No and low-alcohol wine taste breakthrough claimed as Barossa Valley facility launches
No and low-alcohol (NOLO) wines are one of the fastest-growing categories in the market as drinking habits change globally, but taste has been a major challenge for winemakers to overcome.
Treasury Wine Estates (TWE) said it had developed an industry-first process to create a no-alcohol wine without compromising its flavour, while this week unveiling a $15 million state-of-the-art winemaking facility in South Australia's Barossa Valley.
TWE chief supply and sustainability officer Kerrin Petty said the challenge was to capture the wine's aroma, a key to flavour.
"How you then capture that and put it back into the wine — so that when the consumer tastes the wine, the first thing they do is smell it — starts to give you that perception of quality before they put it in their mouth."
TWE introduced its first low-alcohol wine in 1993, but the new facility brings the de-alcoholisation process in-house.
Mr Petty said TWE had a patent pending for its new process and had invested heavily in equipment.
"It captures both the ability to remove alcohol but make incredible wines to capture aroma and the like," he said.
"Making the wine with the best winemakers to make sure the mouthfeel is right, the aroma's right, and visually it's right — those three things together are what we define as a quality wine.
"People have been at this for a while, and the technology is getting better so quickly, so [we're] making sure we bring the consumer along on the journey.
The taste of NOLO wines compared to their alcoholic counterparts is one of the major challenges the industry has been working to overcome.
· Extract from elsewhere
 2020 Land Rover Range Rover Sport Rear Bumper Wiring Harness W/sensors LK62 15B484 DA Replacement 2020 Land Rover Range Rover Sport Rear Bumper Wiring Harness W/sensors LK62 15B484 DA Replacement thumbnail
University of Adelaide researcher Hannah Ford is studying the psychology behind consumer drinking trends and how that could help the struggling wine industry adapt.
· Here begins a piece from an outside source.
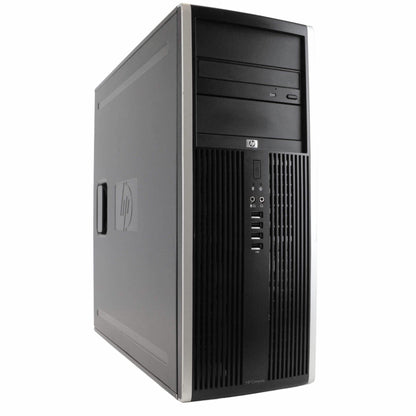 HP Compaq Elite 8100 Tower Computer PC Windows 10 Home 64 bit (Refurbished) DailySale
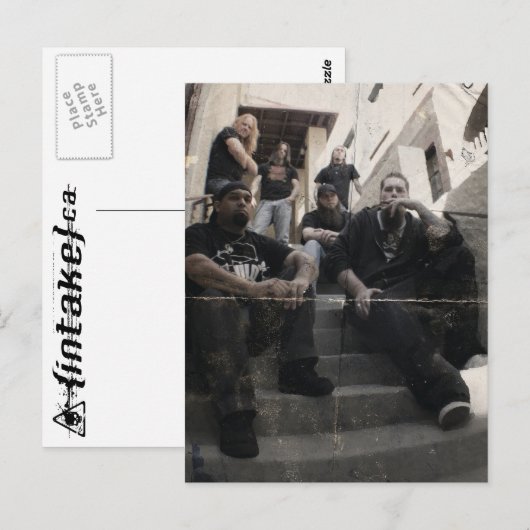 {inquake}caポストカード ポストカード (正面/裏面)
Dr Ford said the global shift towards NOLO wines was influenced by "social factors, habits, self-identity, emotional responses, and product tangibility".
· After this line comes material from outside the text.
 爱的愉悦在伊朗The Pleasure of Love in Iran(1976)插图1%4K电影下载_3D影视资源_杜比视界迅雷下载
"Consumers are becoming more sober-curious, and moderation trends are growing. But we really wanted to understand what's driving consumers to try and buy NOLO wines," she said.
"There's a rise in these products, but whether that's aligning with consumer needs we're not sure.
"Taste is key and, coming from the marketing side, we want to understand a bit more around message framing and how that influences consumer acceptance."
Dr Ford highlighted the need for more research across different wine styles, such as sparkling, rosé, white and red, as well as various alcohol strengths.
Many smaller-scale winemakers have been producing NOLO wines, but Dr Ford expected more large winemakers to move into the space as drinking habits shifted.
"We do expect to see a bit of market saturation with the bigger brands," Dr Ford said.
"They have the potential benefit in that they have a loyal following or trust.
"Consumers are perhaps more likely to try a NOLO wine that's associated with a brand they're familiar with."